# Crankbait boxes with individual tubes



## Chillaxin1 (Jul 5, 2013)

6 Plano boxes and each hold 17 lures. I had reef runners in them and top 20 rogues. 50$ for all picked up in Mogadore,Ohio. Boxes don’t say model # on them but there 14” long 3-1/2” deep and 9”wide.
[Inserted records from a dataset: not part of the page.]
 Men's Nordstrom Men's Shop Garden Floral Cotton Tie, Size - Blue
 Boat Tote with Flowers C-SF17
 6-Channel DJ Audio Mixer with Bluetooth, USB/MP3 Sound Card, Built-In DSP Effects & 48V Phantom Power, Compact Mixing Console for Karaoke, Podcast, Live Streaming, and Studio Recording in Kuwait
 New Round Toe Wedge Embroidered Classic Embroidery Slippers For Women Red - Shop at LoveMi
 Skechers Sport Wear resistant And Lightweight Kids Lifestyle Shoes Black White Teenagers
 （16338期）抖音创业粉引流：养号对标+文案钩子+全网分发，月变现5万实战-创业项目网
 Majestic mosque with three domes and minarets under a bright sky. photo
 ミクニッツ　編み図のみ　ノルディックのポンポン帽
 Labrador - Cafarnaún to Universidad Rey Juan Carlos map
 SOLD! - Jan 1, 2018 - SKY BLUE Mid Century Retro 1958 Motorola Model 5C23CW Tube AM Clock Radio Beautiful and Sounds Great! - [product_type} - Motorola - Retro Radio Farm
Sent from my iPhone using Tapatalk


----------



## Parris Island (Mar 6, 2012)

Just sent you a message 


Sent from my iPhone using Tapatalk


----------



## Hawg Wobbler 52 (Nov 19, 2021)

Chillaxin1 said:


> 6 Plano boxes and each hold 17 lures. I had reef runners in them and top 20 rogues. 50$ for all picked up in Mogadore,Ohio. Boxes don’t say model # on them but there 14” long 3-1/2” deep and 9”wide.
> 
> 
> 
> ...


How big are the tubes?


----------



## Kenlow1 (Jul 14, 2012)

How many tubes will fit into each box?


----------



## Kenlow1 (Jul 14, 2012)

Ok- now saw that you posted each box holds 17 tubes.


----------



## Chillaxin1 (Jul 5, 2013)

At deer camp. Can measure when I get home. Longer than deep diving reef runner 


Sent from my iPhone using Tapatalk


----------



## Cat Power (10 mo ago)

Ship to Michigan? 

no way i could pick up


----------



## feverreeliever (Jul 12, 2012)

I will take them and I can pick them up


----------



## Chillaxin1 (Jul 5, 2013)

Feverreliever I sent you a pm


Sent from my iPhone using Tapatalk


----------



## feverreeliever (Jul 12, 2012)

Chillaxin1 said:


> Feverreliever I sent you a pm
> 
> 
> Sent from my iPhone using Tapatalk


My number is 330-608-8868. Send me a text and we’ll meet to pick up the storage containers.


----------



## Chillaxin1 (Jul 5, 2013)

Sold please close


Sent from my iPhone using Tapatalk


----------